Ico Partners: Video games see fewer crowdfunded projects, steady amount funded in 2018
Trends indicates Kickstarter is stabilizing, with a higher percentage of quality projects as platform matures
2018 was far from a landmark year for crowdfunding video games, but it was an interesting one. Crowdfunding on the whole appears to have found some stability and maturity across Kickstarter this year, especially for tabletop and video games, but Fig is starting to show signs of struggle.
Ico Partners analyst Thomas Bidaux has published his annual blog post on games and crowdfunding for the year 2018, observing general trends across Kickstarter and other crowdfunding platforms as well as trends specific to video games. In it, one of the major takeaways is that the games category is the only main project category experiencing growth, and now represents one-third of all money raised on Kickstarter - but the vast majority of that stems from tabletop games, not video games.
In general, Kickstarter as a platform saw its lowest amount of money raised in 2018 since 2014, and another sharp decrease in the total amount of projects as well. However, even though the total number of projects is decreasing, the total number of funded projects only dropped by 3% year-over-year, which Bidaux says indicates that projects across Kickstarter are of a higher quality overall.
Video games specifically saw a total of 352 projects funded in total (compared to 2,336 tabletop projects and 404 playing cards projects) and raised $15,862,307 across successful projects. Though that funding number is the lowest amount video games raised on Kickstarter since 2012, it's only a slight dip from 2016 and 2017. The category saw a bigger drop in total projects - down 15% year-over-year. Bidaux once again attributes this as a reflection of the Kickstarter-wide trend of fewer projects, but a higher percentage of high-quality ones.

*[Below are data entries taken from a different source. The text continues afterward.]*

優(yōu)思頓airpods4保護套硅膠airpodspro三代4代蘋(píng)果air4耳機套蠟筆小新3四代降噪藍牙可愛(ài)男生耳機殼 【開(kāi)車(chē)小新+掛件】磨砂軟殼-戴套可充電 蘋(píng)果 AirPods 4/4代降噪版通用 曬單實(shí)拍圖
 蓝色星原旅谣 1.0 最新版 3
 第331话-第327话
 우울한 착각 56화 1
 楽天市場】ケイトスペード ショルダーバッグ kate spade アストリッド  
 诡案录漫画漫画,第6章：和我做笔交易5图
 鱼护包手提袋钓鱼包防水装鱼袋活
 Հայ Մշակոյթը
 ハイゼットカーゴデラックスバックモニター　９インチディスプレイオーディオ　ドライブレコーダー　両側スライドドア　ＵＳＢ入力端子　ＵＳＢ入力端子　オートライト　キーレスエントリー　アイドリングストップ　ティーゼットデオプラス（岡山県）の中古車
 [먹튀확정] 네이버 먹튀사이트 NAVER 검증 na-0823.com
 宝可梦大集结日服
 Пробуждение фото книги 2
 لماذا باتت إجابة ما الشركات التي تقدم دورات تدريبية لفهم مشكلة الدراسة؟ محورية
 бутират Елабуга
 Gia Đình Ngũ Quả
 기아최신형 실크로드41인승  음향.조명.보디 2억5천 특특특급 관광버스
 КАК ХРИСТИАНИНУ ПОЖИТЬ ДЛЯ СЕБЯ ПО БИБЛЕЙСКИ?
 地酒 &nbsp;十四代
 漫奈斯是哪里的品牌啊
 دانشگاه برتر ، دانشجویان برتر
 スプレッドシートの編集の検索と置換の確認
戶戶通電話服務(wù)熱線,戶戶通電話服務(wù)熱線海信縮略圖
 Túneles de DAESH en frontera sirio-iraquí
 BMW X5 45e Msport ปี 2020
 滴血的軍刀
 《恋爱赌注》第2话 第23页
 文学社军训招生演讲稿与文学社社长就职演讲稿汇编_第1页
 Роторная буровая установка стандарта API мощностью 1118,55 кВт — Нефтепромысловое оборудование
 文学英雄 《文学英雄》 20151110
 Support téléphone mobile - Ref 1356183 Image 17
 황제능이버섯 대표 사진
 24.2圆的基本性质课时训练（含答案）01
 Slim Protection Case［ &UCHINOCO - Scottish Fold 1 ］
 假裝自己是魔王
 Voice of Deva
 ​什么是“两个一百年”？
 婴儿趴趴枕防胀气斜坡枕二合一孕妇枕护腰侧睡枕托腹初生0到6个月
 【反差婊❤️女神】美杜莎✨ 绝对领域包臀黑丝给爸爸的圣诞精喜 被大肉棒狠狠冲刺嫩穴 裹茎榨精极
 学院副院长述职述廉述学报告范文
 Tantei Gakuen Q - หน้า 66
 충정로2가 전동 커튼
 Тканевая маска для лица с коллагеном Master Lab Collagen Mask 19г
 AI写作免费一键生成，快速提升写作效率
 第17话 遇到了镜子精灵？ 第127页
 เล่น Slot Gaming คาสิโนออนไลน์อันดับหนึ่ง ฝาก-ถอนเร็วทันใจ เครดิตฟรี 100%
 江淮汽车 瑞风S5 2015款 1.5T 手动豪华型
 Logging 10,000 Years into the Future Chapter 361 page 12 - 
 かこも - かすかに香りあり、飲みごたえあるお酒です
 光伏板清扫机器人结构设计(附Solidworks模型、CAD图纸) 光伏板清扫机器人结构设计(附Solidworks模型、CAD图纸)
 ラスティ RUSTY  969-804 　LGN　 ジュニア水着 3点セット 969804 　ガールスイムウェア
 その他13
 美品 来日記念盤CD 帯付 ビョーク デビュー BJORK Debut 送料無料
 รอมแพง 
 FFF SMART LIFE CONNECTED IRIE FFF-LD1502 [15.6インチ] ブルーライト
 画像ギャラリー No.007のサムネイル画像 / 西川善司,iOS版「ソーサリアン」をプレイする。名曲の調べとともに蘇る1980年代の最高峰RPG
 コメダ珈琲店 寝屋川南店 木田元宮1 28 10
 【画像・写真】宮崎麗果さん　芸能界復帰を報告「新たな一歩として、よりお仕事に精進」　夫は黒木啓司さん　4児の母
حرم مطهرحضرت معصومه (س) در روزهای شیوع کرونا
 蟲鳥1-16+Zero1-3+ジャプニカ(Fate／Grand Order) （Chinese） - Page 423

All of that is Kickstarter. On Fig, things look a touch more grim. In total, successful projects on Fig raised only $441,044 in 2018, compared to $5,613,561 in 2017. About half of the money raised in 2018 was from a single campaign - Soundfall. Bidaux notes that Fig's project curation may have a lot to do with the platform's struggles, as it seems to have trouble selecting projects that will get successfully funded.